(EXERCISE MATERIALS begins)

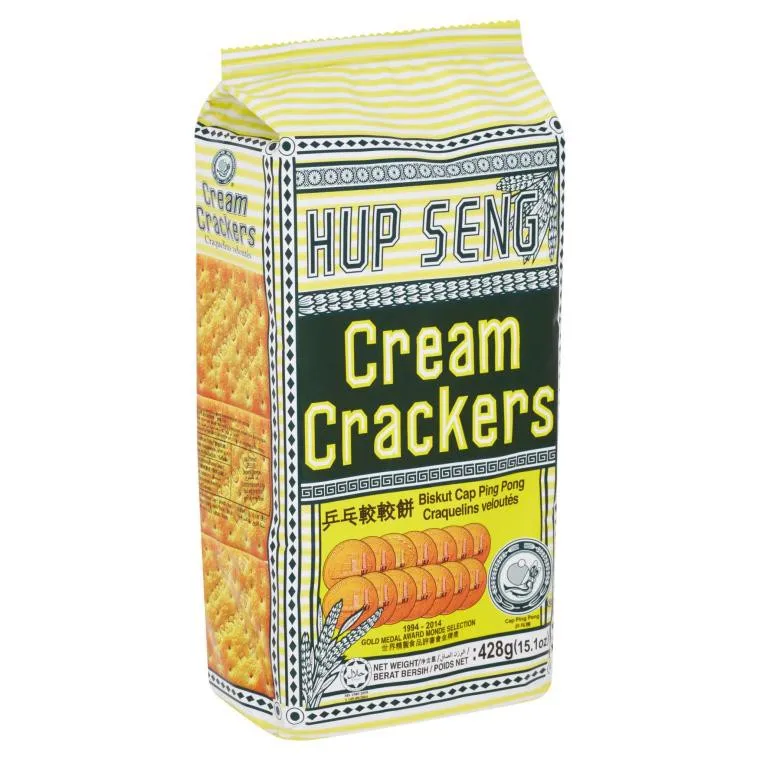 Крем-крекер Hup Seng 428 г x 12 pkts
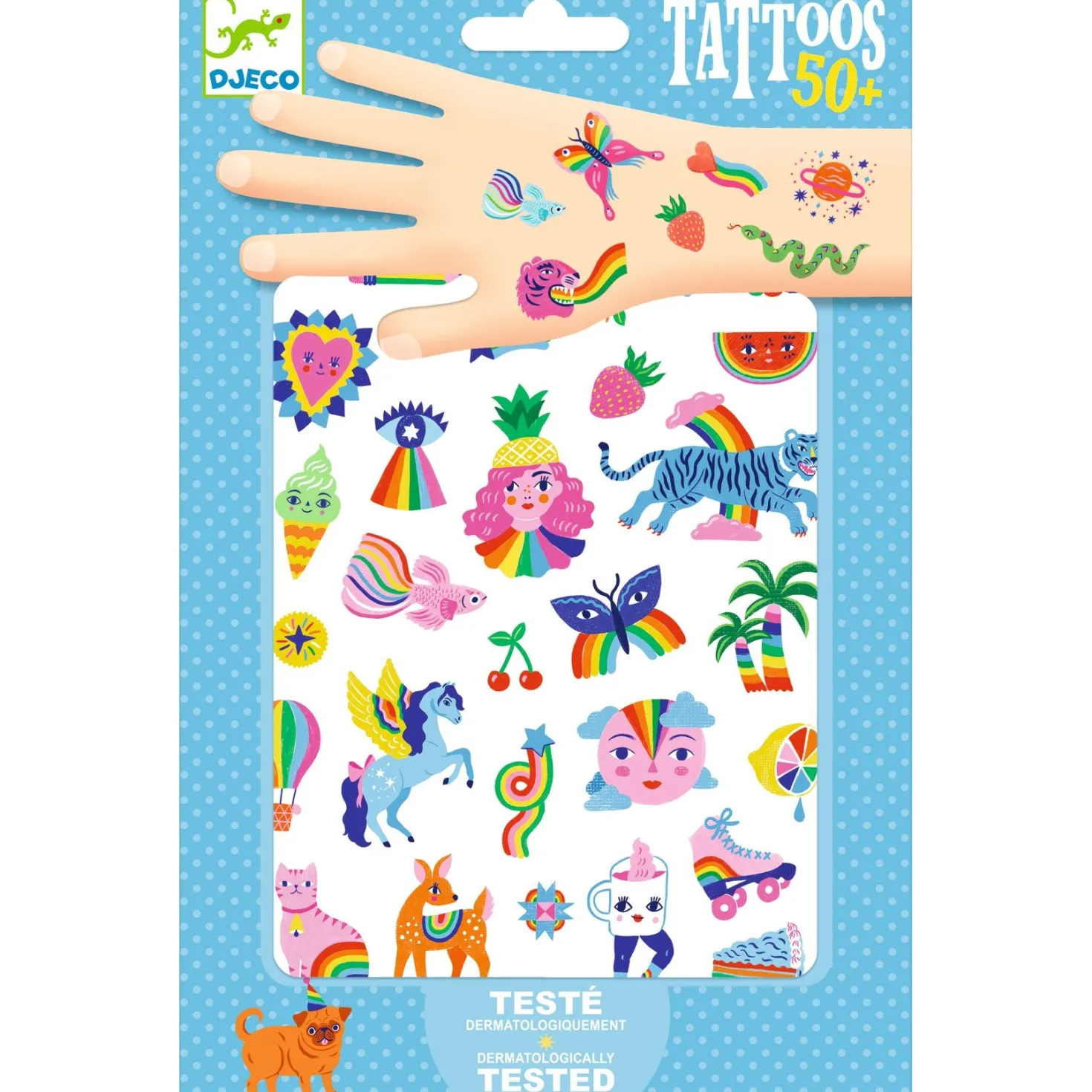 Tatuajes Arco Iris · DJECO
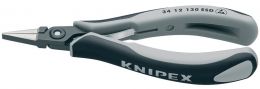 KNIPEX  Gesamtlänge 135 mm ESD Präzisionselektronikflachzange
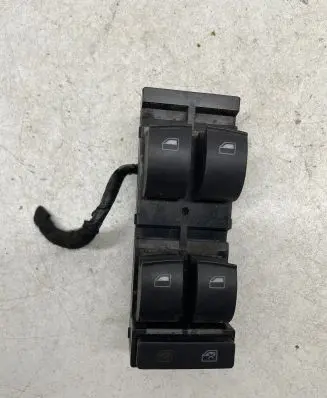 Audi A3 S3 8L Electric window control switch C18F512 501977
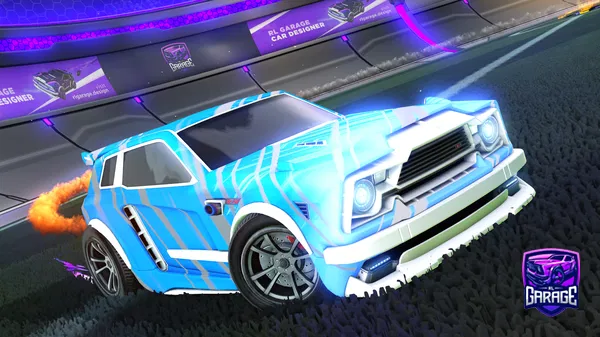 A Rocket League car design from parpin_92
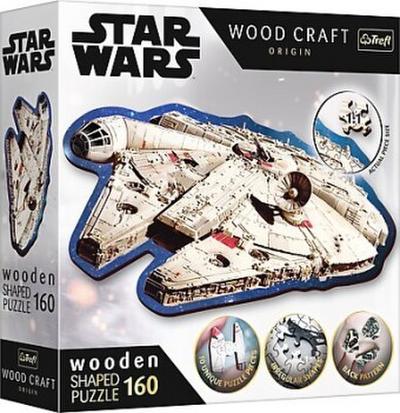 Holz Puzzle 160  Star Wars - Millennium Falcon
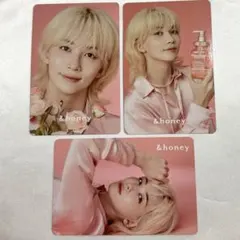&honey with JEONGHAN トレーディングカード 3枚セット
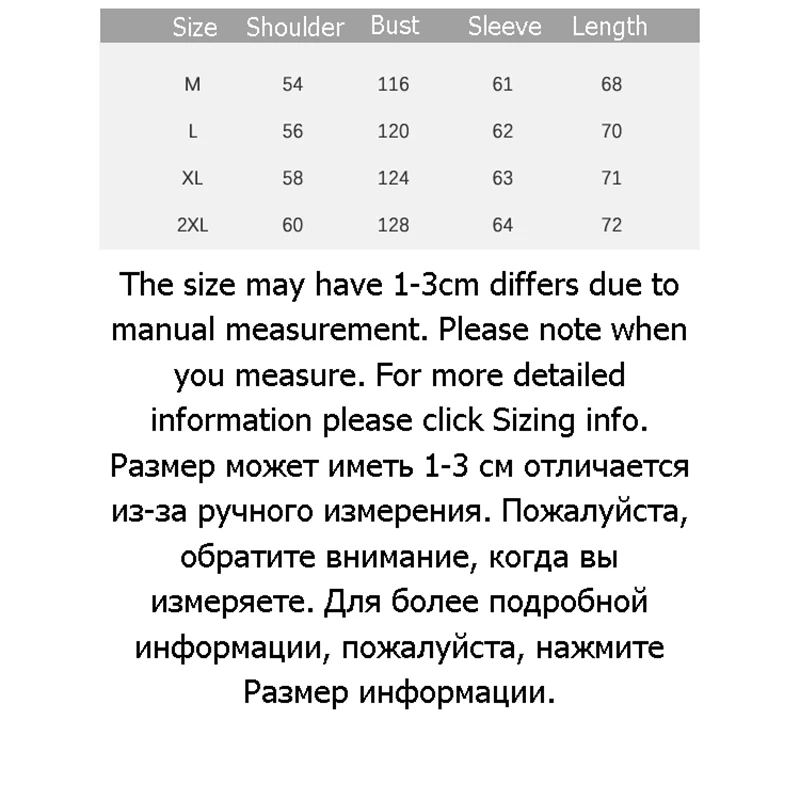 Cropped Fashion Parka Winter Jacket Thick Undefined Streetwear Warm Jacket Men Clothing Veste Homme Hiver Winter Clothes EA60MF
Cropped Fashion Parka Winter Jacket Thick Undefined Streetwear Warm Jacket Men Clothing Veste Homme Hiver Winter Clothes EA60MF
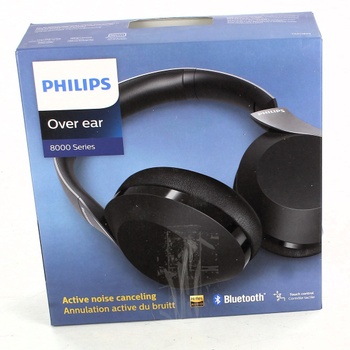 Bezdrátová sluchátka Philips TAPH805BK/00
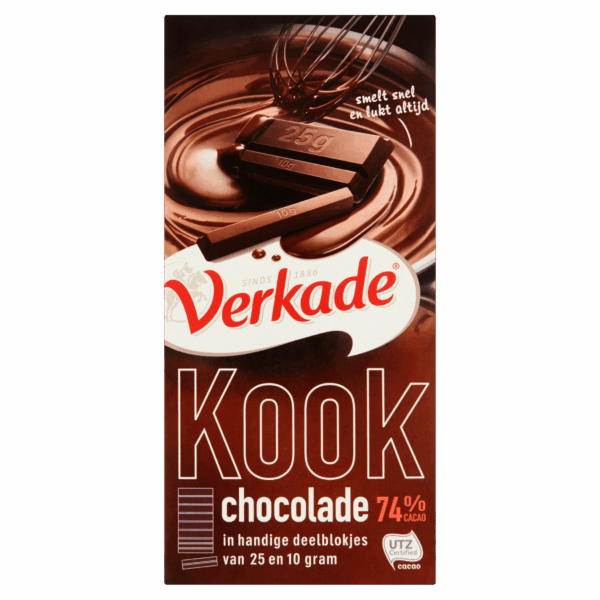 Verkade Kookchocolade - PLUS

(EXERCISE MATERIALS ends)
(EXERCISE MATERIALS begins)

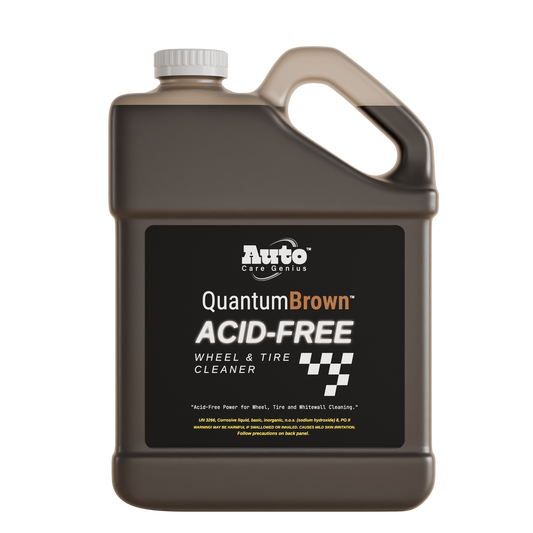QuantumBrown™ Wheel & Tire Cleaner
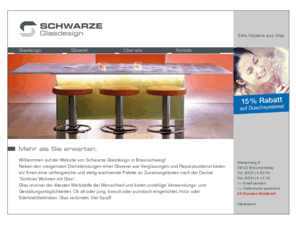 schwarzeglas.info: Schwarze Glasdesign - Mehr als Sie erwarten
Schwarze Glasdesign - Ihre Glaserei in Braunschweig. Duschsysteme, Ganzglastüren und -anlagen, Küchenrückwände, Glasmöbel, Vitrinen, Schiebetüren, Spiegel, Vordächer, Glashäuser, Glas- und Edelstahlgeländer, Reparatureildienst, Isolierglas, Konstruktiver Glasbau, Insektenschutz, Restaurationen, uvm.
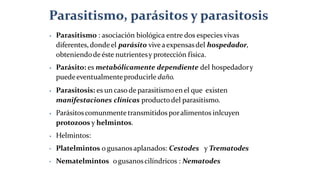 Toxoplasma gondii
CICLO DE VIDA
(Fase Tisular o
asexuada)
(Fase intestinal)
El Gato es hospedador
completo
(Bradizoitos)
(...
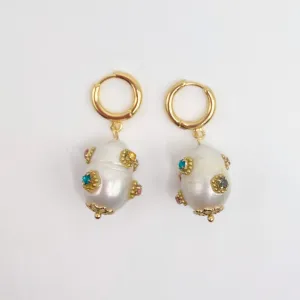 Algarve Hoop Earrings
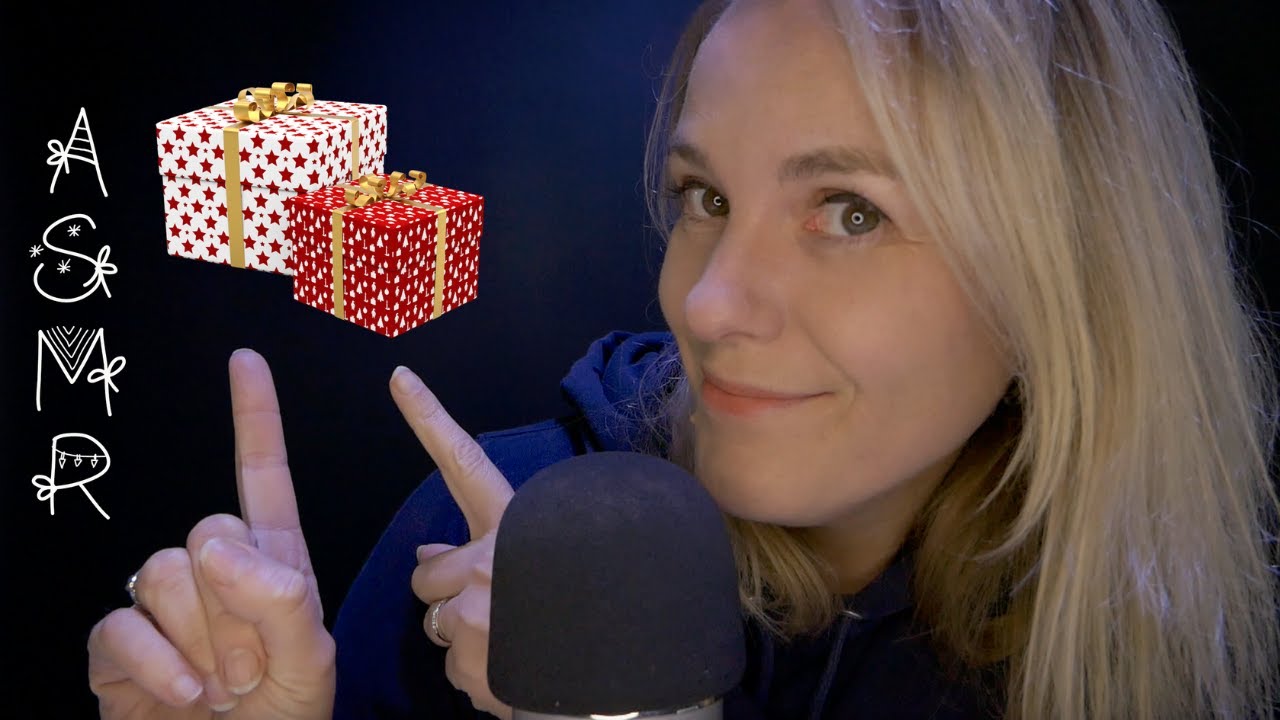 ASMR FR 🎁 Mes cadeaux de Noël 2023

(EXERCISE MATERIALS ends)
(EXERCISE MATERIALS begins)

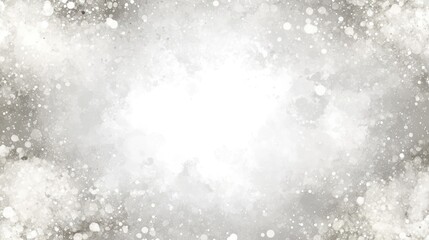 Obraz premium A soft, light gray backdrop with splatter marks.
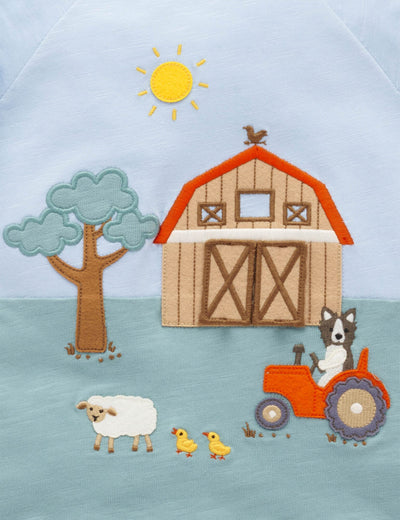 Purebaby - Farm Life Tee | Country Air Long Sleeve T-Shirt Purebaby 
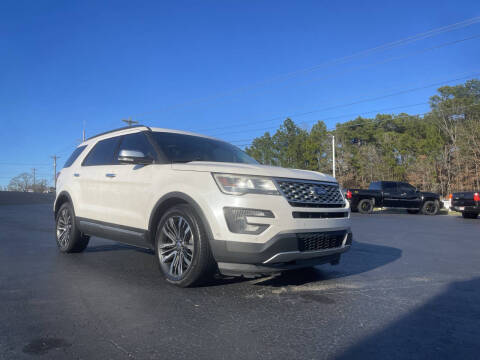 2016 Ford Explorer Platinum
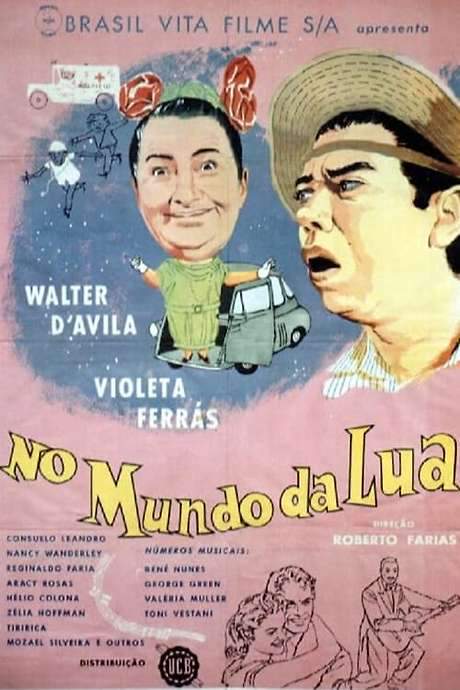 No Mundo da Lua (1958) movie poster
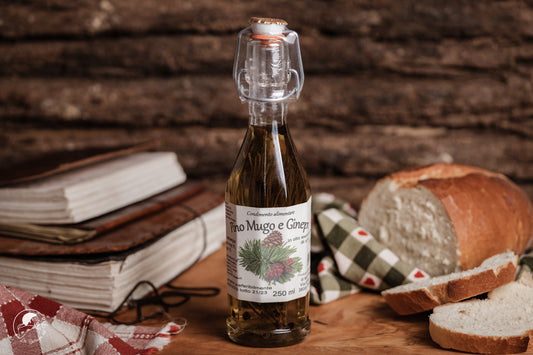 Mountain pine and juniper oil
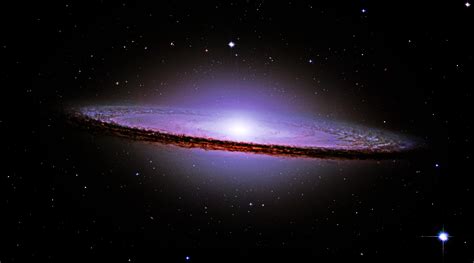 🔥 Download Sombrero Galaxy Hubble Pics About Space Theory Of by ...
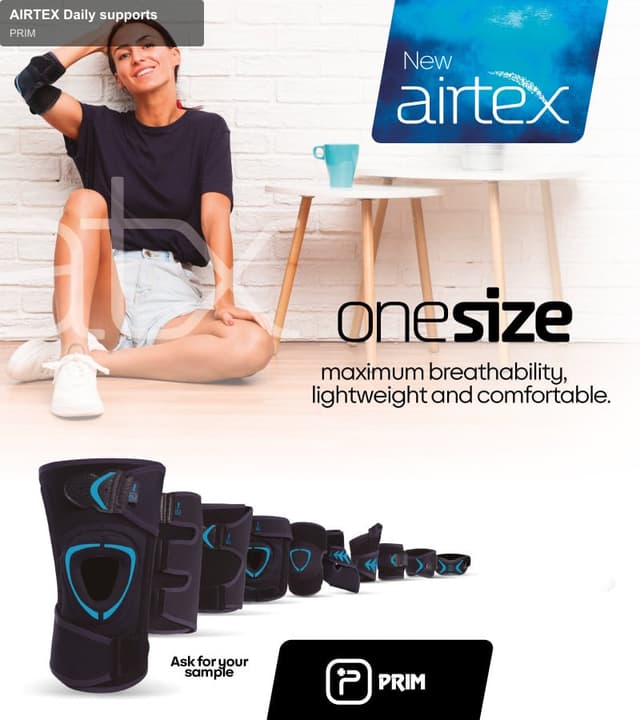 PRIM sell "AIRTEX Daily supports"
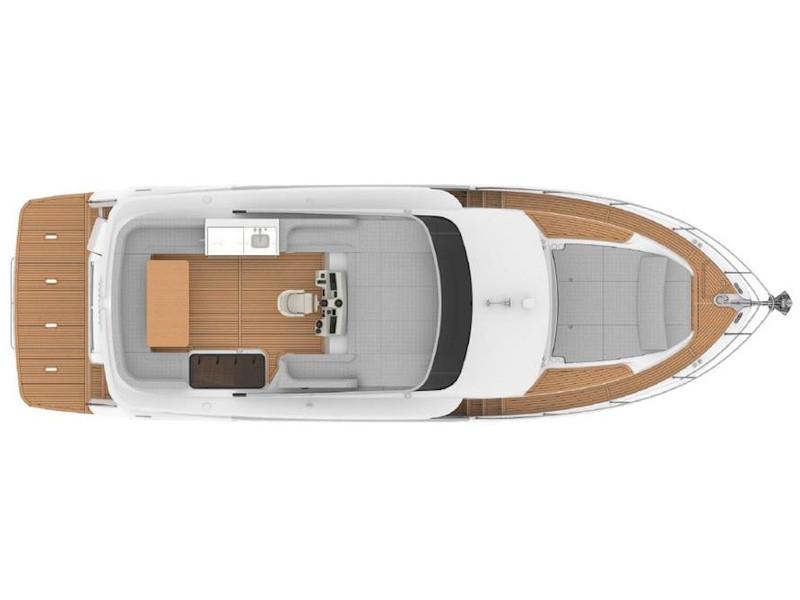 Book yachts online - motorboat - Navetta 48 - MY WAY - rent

(EXERCISE MATERIALS ends)

● DIRECTIONS: Going by the data above, give back only the lines from the one containing "Крем-крекер Hup Seng 428 г x 12 pkts" through the one containing "Verkade Kookchocolade - PLUS", exactly as they stand, both ends included and no images.

● EXPECTED ANSWER:
 Крем-крекер Hup Seng 428 г x 12 pkts
 Tatuajes Arco Iris · DJECO
 KNIPEX  Gesamtlänge 135 mm ESD Präzisionselektronikflachzange
 Audi A3 S3 8L Electric window control switch C18F512 501977
 A Rocket League car design from parpin_92
 Holz Puzzle 160  Star Wars - Millennium Falcon
&honey with JEONGHAN トレーディングカード 3枚セット
 Cropped Fashion Parka Winter Jacket Thick Undefined Streetwear Warm Jacket Men Clothing Veste Homme Hiver Winter Clothes EA60MF
Cropped Fashion Parka Winter Jacket Thick Undefined Streetwear Warm Jacket Men Clothing Veste Homme Hiver Winter Clothes EA60MF
 Bezdrátová sluchátka Philips TAPH805BK/00
 Verkade Kookchocolade - PLUS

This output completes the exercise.